I take in each and every little moment with my son.
Each one, good and bad.
I try to take those moments, and wrap them up, and bury them deep down
in hopes that I will never, ever forget them.
But I know with time, some memories will fade,
and that truly makes my heart ache.
Jackson is just 20 months, but as he is getting older the sweet and not so sweet
moments are growing more and more by the day.
So here I am.
Writing one of those sweet moments down, keeping it in a safe place
a place I know I can come back to at any time.
Today we had your second dentist appointment.
(We still have you rear facing in your car seat which sometimes makes things
a little harder when you are fussing and we are not sure why.)
Today was one of those times.
You started crying and I couldn't figure out what was wrong.
(We later found out it was because there was a fly in the car, that landed on you,
and you were not happy about it.)
So, in hopes to help calm you down,
I reached behind me and started playing with your little hairs,
and as I was doing that, you grabbed my finger.

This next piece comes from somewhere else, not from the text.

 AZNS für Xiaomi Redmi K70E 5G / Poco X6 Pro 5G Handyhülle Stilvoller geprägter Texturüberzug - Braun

Then you held on so tight, and stopped fussing.
(*my heart instantly melted, by the way*)
Due to the positioning of your car seat
my arm started falling asleep.
As much as I didn't mind, I slowly pulled my arm away
to give it a break- and as soon as I did
you were reaching out to hold my hand again.
So, I took one for the team :)
and reached behind me again.
This time you grabbed tightly onto my finger again,
and rested your sweet little head on my arm.
I get emotional a lot, and this was no exception.
You are the sweetest little boy,
that sometimes I'm not so sure I can even handle it.
I never, ever want to forget how much these little moments
make my heart feel so full.
It makes me feel like I'm doing something right.
You can't say I love you yet,
but in those little moments, I feel like that is your way of telling me.